Find every line below with the word "Beige" in it, and copy each one.

> [Raw data]
######

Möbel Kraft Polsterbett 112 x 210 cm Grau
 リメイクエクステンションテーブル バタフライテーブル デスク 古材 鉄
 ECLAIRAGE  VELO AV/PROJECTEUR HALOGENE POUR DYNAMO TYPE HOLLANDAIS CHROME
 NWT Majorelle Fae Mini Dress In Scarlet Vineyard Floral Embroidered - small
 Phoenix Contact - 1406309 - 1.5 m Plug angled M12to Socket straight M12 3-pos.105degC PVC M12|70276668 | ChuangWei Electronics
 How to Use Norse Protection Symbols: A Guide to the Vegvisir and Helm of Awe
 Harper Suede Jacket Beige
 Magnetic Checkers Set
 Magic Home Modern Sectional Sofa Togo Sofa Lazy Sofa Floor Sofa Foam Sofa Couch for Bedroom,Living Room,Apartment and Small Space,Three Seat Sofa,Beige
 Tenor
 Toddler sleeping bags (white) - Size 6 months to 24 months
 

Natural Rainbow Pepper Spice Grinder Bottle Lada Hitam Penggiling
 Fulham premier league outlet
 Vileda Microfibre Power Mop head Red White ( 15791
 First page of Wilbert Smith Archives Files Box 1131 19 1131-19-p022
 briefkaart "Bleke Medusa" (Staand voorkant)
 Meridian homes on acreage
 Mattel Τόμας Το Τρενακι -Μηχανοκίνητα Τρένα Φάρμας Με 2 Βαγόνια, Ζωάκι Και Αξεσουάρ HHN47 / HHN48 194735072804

######

> [The completed task]
 Harper Suede Jacket Beige
 Magic Home Modern Sectional Sofa Togo Sofa Lazy Sofa Floor Sofa Foam Sofa Couch for Bedroom,Living Room,Apartment and Small Space,Three Seat Sofa,Beige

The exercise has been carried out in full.